Draco was propped up on one elbow, lazily watching the boy wonders creep out of the Great Hall. He didn't feel a desire to stop them, or a particular urge to alert anyone else to their departure. He simply chuckled as he watched them exit in what they must have imagined was infinite stealth.

It wasn't as if there were any professors to keep them there in the Great Hall or to enforce any prohibition about venturing into the rest of the castle. The students had simply formed a symbiotic relationship with the relative security provided by the Hall, and now were reluctant to leave the only area they felt was safe. Most of them were still clinging to the childish hope that someone would come along and rescue them any day now. All they had to do was sit tight and wait.

Draco knew better. After all, he was raised by a premier Death Eater and sadist extraordinaire, The Dark Lord's right-hand man, Lucius Malfoy. Draco reflected on that name obsessively, always had. He turned it over in his head, relived all the moments anyone had ever said his surname. It was always with either a distasteful sneer or with patronizingly opaque, pandering earnestness. Neither was preferable, although he found the latter to be more useful as it always came from spineless halfwits who were always more than willing to do his dirty work.

Take, for example, Crabbe and Goyle. The great idiots were presently snoring and slobbering upon themselves as they slept, useless for anything but auditory distraction from the maddening quiet of the castle. Draco glared at their hulking figures and turned away, propping himself up on the other elbow now.

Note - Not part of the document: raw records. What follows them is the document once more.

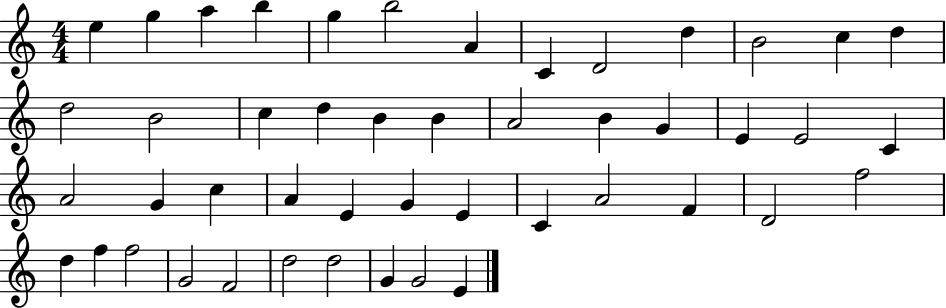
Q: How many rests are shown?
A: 0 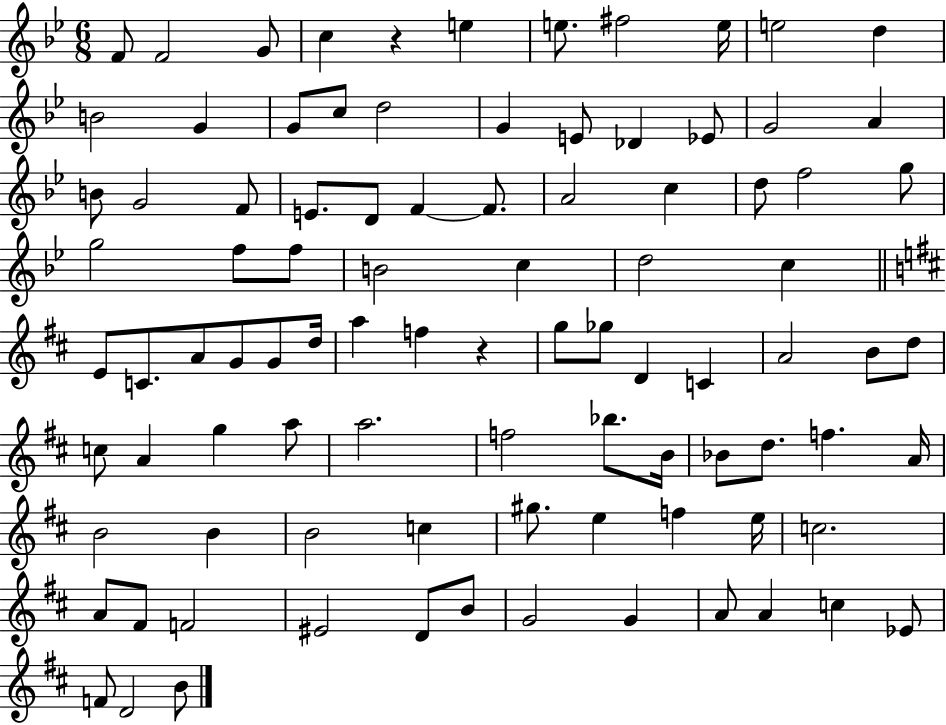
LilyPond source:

{
  \clef treble
  \numericTimeSignature
  \time 6/8
  \key bes \major
  f'8 f'2 g'8 | c''4 r4 e''4 | e''8. fis''2 e''16 | e''2 d''4 | \break b'2 g'4 | g'8 c''8 d''2 | g'4 e'8 des'4 ees'8 | g'2 a'4 | \break b'8 g'2 f'8 | e'8. d'8 f'4~~ f'8. | a'2 c''4 | d''8 f''2 g''8 | \break g''2 f''8 f''8 | b'2 c''4 | d''2 c''4 | \bar "||" \break \key b \minor e'8 c'8. a'8 g'8 g'8 d''16 | a''4 f''4 r4 | g''8 ges''8 d'4 c'4 | a'2 b'8 d''8 | \break c''8 a'4 g''4 a''8 | a''2. | f''2 bes''8. b'16 | bes'8 d''8. f''4. a'16 | \break b'2 b'4 | b'2 c''4 | gis''8. e''4 f''4 e''16 | c''2. | \break a'8 fis'8 f'2 | eis'2 d'8 b'8 | g'2 g'4 | a'8 a'4 c''4 ees'8 | \break f'8 d'2 b'8 | \bar "|."
} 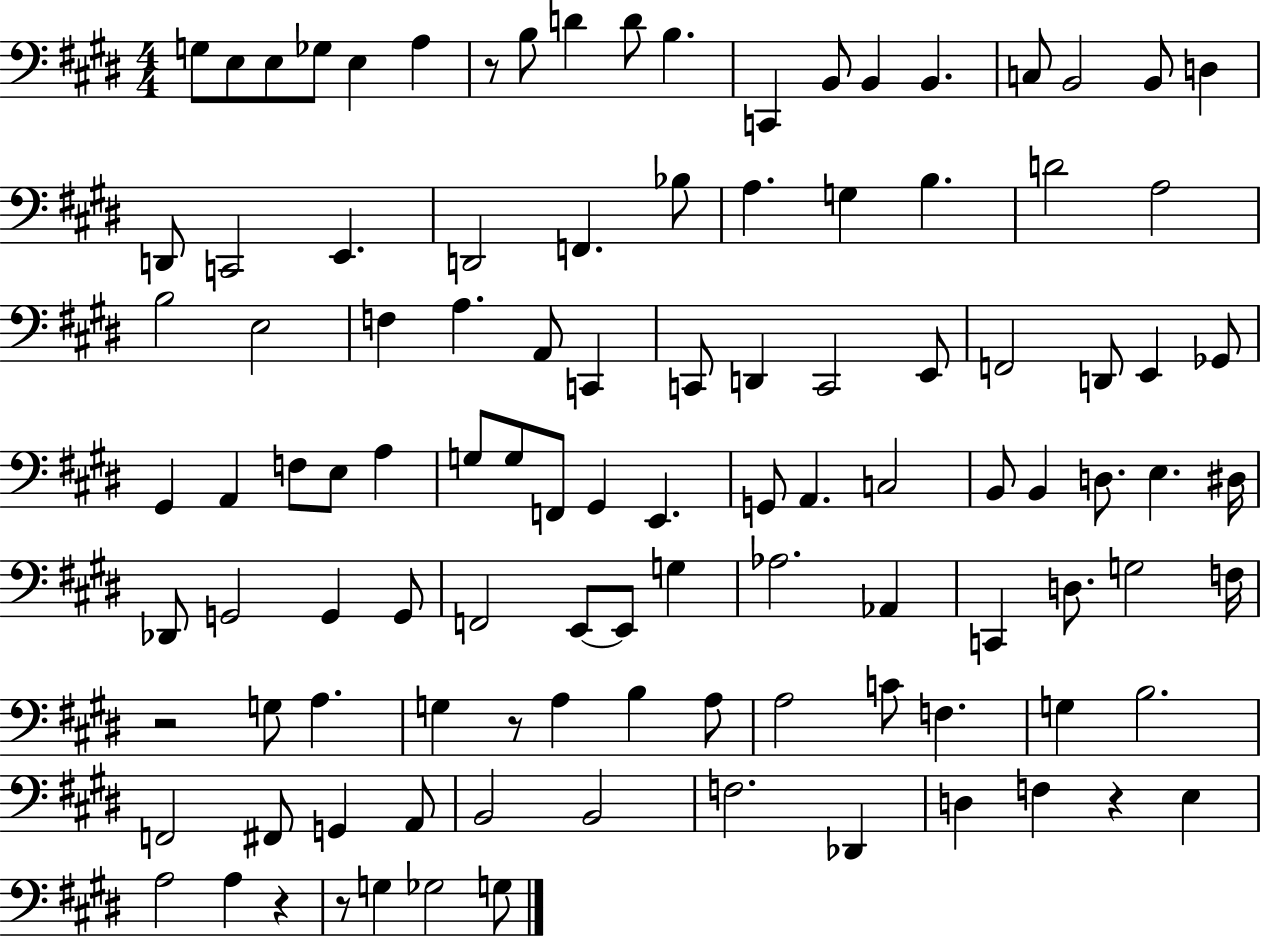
G3/e E3/e E3/e Gb3/e E3/q A3/q R/e B3/e D4/q D4/e B3/q. C2/q B2/e B2/q B2/q. C3/e B2/h B2/e D3/q D2/e C2/h E2/q. D2/h F2/q. Bb3/e A3/q. G3/q B3/q. D4/h A3/h B3/h E3/h F3/q A3/q. A2/e C2/q C2/e D2/q C2/h E2/e F2/h D2/e E2/q Gb2/e G#2/q A2/q F3/e E3/e A3/q G3/e G3/e F2/e G#2/q E2/q. G2/e A2/q. C3/h B2/e B2/q D3/e. E3/q. D#3/s Db2/e G2/h G2/q G2/e F2/h E2/e E2/e G3/q Ab3/h. Ab2/q C2/q D3/e. G3/h F3/s R/h G3/e A3/q. G3/q R/e A3/q B3/q A3/e A3/h C4/e F3/q. G3/q B3/h. F2/h F#2/e G2/q A2/e B2/h B2/h F3/h. Db2/q D3/q F3/q R/q E3/q A3/h A3/q R/q R/e G3/q Gb3/h G3/e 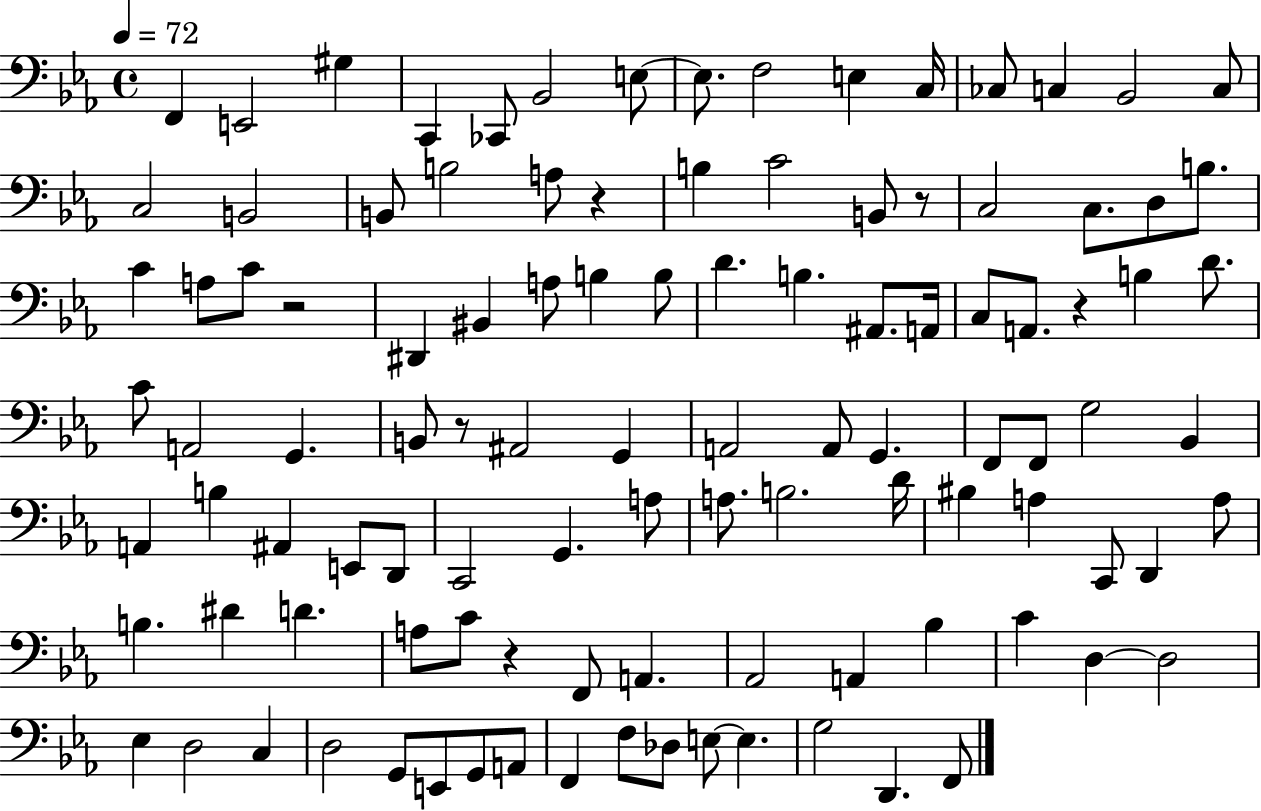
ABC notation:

X:1
T:Untitled
M:4/4
L:1/4
K:Eb
F,, E,,2 ^G, C,, _C,,/2 _B,,2 E,/2 E,/2 F,2 E, C,/4 _C,/2 C, _B,,2 C,/2 C,2 B,,2 B,,/2 B,2 A,/2 z B, C2 B,,/2 z/2 C,2 C,/2 D,/2 B,/2 C A,/2 C/2 z2 ^D,, ^B,, A,/2 B, B,/2 D B, ^A,,/2 A,,/4 C,/2 A,,/2 z B, D/2 C/2 A,,2 G,, B,,/2 z/2 ^A,,2 G,, A,,2 A,,/2 G,, F,,/2 F,,/2 G,2 _B,, A,, B, ^A,, E,,/2 D,,/2 C,,2 G,, A,/2 A,/2 B,2 D/4 ^B, A, C,,/2 D,, A,/2 B, ^D D A,/2 C/2 z F,,/2 A,, _A,,2 A,, _B, C D, D,2 _E, D,2 C, D,2 G,,/2 E,,/2 G,,/2 A,,/2 F,, F,/2 _D,/2 E,/2 E, G,2 D,, F,,/2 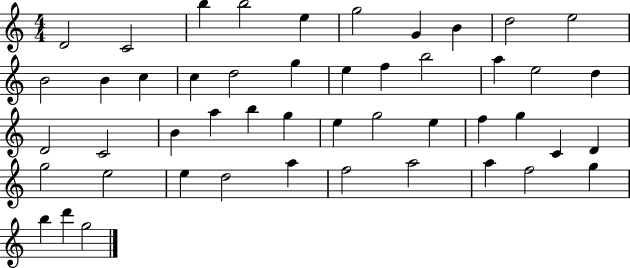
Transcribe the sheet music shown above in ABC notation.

X:1
T:Untitled
M:4/4
L:1/4
K:C
D2 C2 b b2 e g2 G B d2 e2 B2 B c c d2 g e f b2 a e2 d D2 C2 B a b g e g2 e f g C D g2 e2 e d2 a f2 a2 a f2 g b d' g2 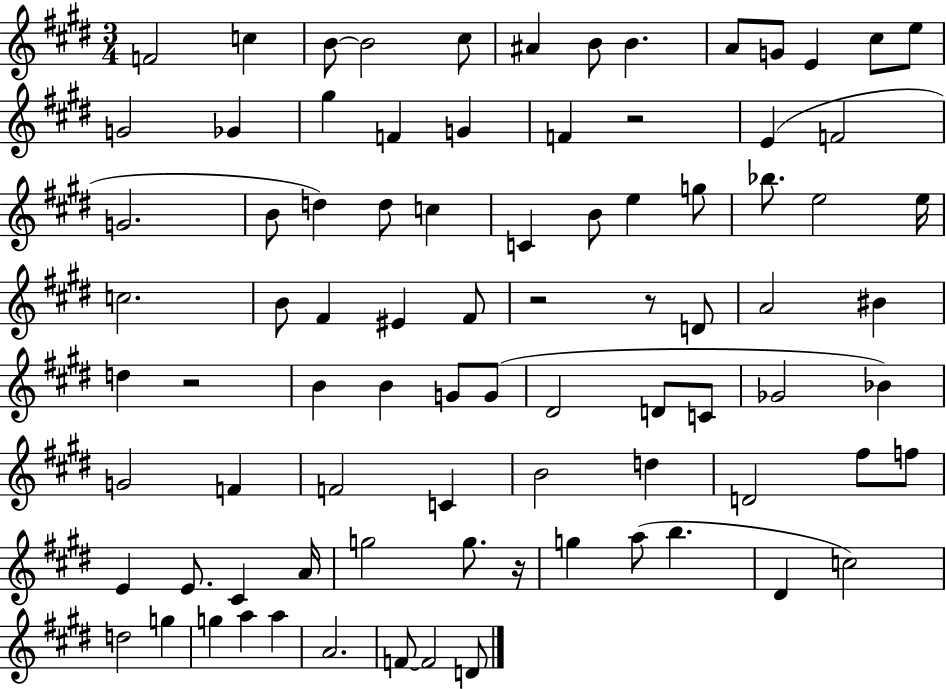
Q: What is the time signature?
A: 3/4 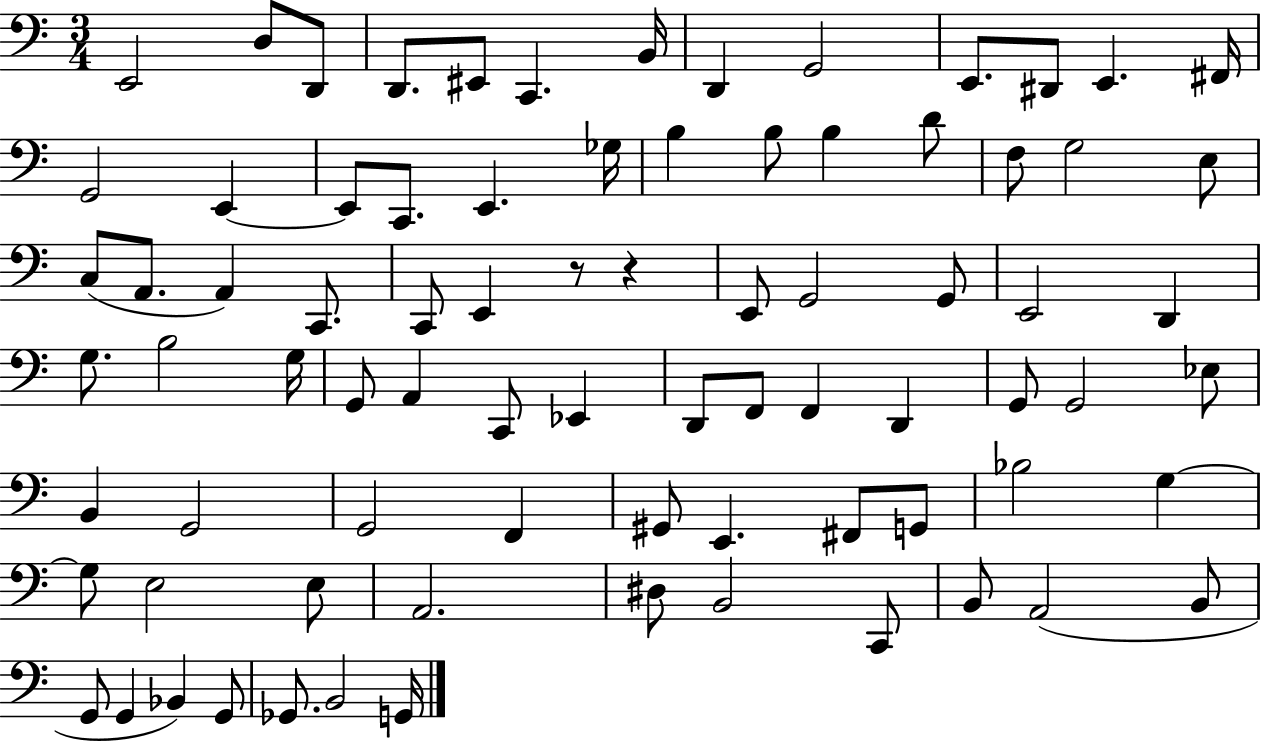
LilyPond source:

{
  \clef bass
  \numericTimeSignature
  \time 3/4
  \key c \major
  e,2 d8 d,8 | d,8. eis,8 c,4. b,16 | d,4 g,2 | e,8. dis,8 e,4. fis,16 | \break g,2 e,4~~ | e,8 c,8. e,4. ges16 | b4 b8 b4 d'8 | f8 g2 e8 | \break c8( a,8. a,4) c,8. | c,8 e,4 r8 r4 | e,8 g,2 g,8 | e,2 d,4 | \break g8. b2 g16 | g,8 a,4 c,8 ees,4 | d,8 f,8 f,4 d,4 | g,8 g,2 ees8 | \break b,4 g,2 | g,2 f,4 | gis,8 e,4. fis,8 g,8 | bes2 g4~~ | \break g8 e2 e8 | a,2. | dis8 b,2 c,8 | b,8 a,2( b,8 | \break g,8 g,4 bes,4) g,8 | ges,8. b,2 g,16 | \bar "|."
} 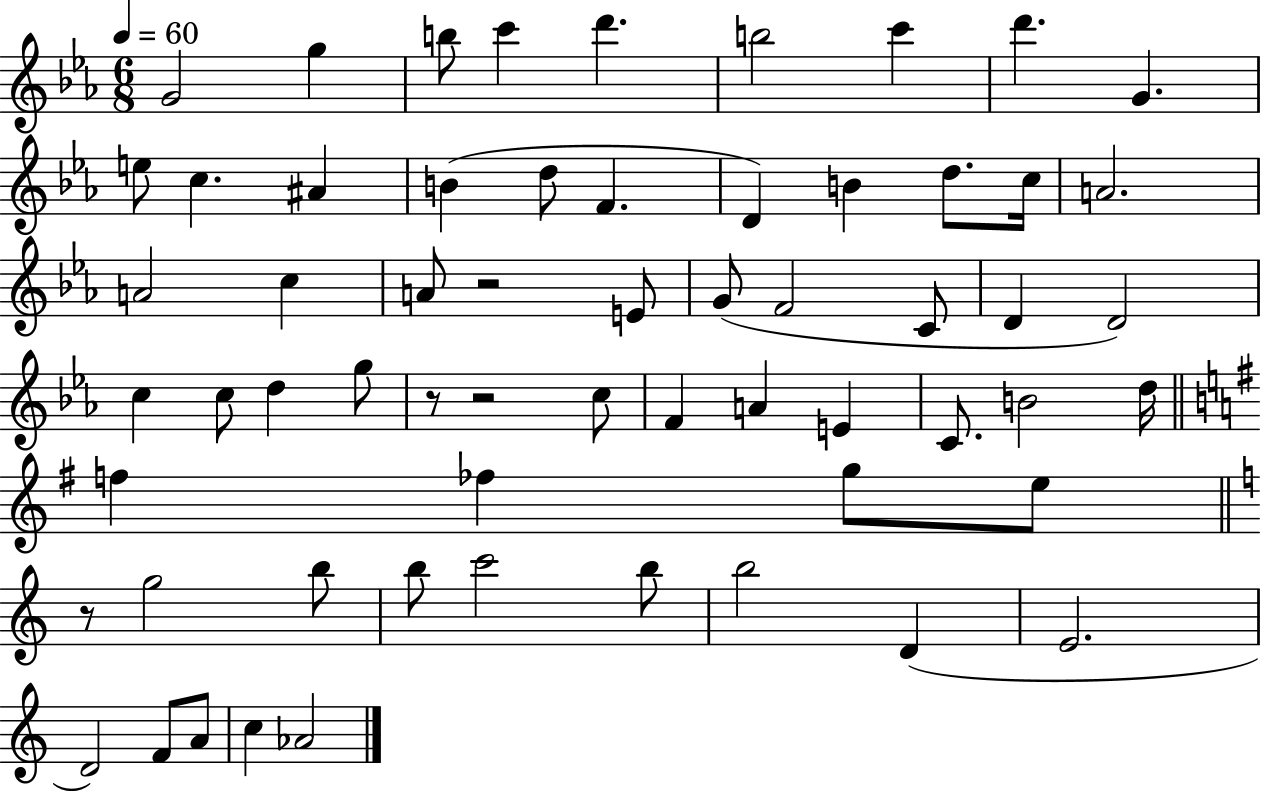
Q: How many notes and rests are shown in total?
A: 61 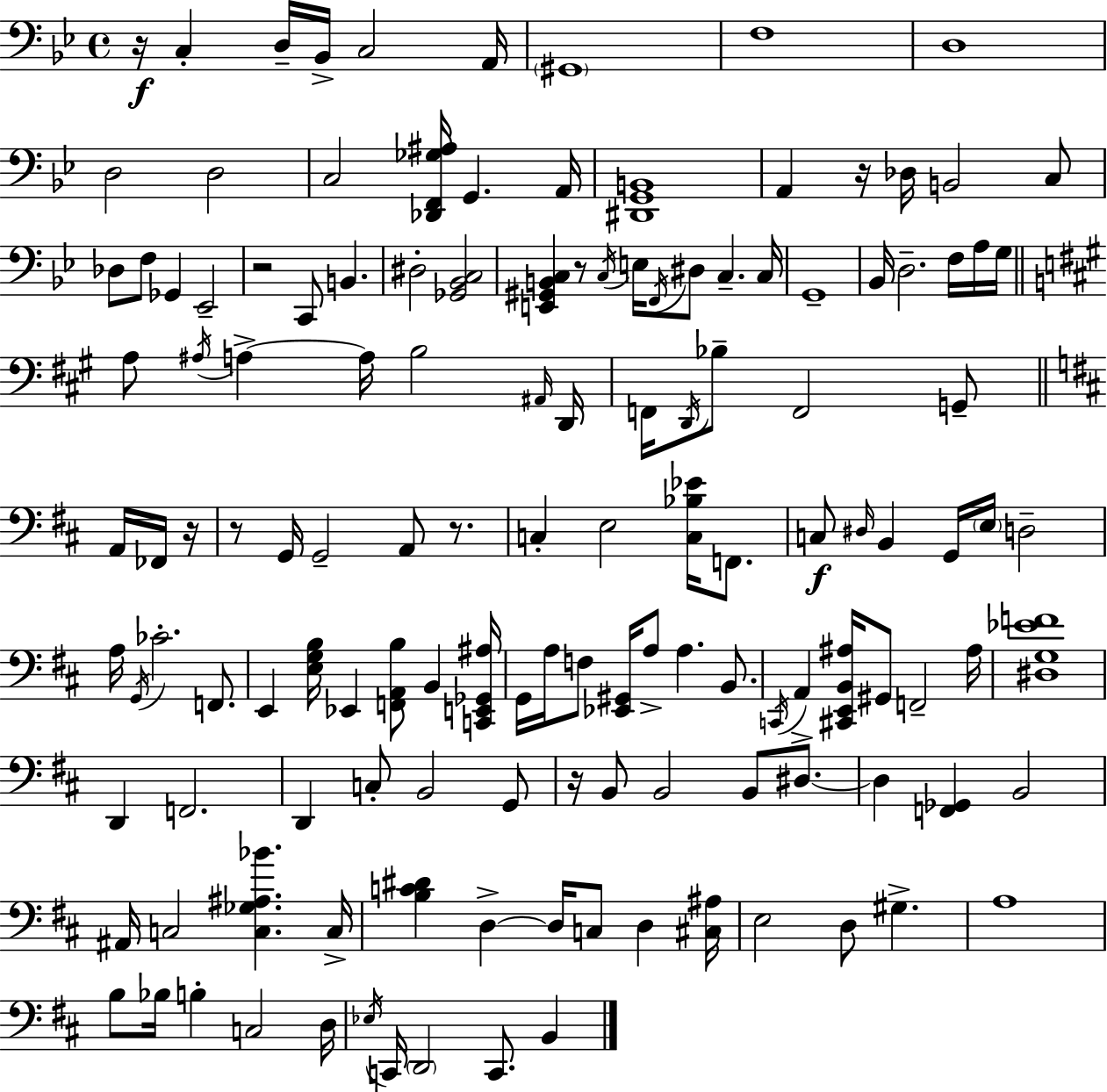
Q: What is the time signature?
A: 4/4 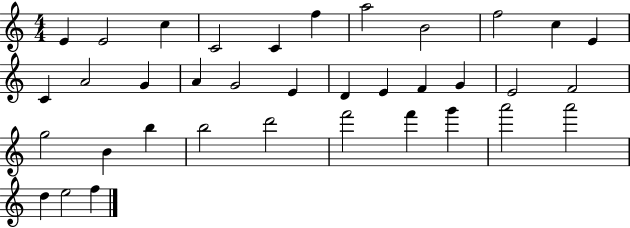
{
  \clef treble
  \numericTimeSignature
  \time 4/4
  \key c \major
  e'4 e'2 c''4 | c'2 c'4 f''4 | a''2 b'2 | f''2 c''4 e'4 | \break c'4 a'2 g'4 | a'4 g'2 e'4 | d'4 e'4 f'4 g'4 | e'2 f'2 | \break g''2 b'4 b''4 | b''2 d'''2 | f'''2 f'''4 g'''4 | a'''2 a'''2 | \break d''4 e''2 f''4 | \bar "|."
}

Draco was not oblivious to the fact that the other students thought that he and the rest of the Slytherins had been left behind by the Death Eaters to monitor any actions and report back to their parents. This was not the case, he replied snidely to anyone that needled him about it. The awful truth was that neither Draco or any of his housemates had any advance knowledge of the attack, and were equally as frightened as the rest of the students. Not that they would ever admit as much, of course.

Lucius had given Draco no warning whatsoever, not so much as a coded note by owl or a cryptic message sent through Snape. As far as Draco was concerned, Lucius and the other Death Eaters were more than content to sacrifice their children for their Lord if it meant eventual victory. Children were expendable, especially the young ones. Children could always be replaced. Draco knew this and was sick.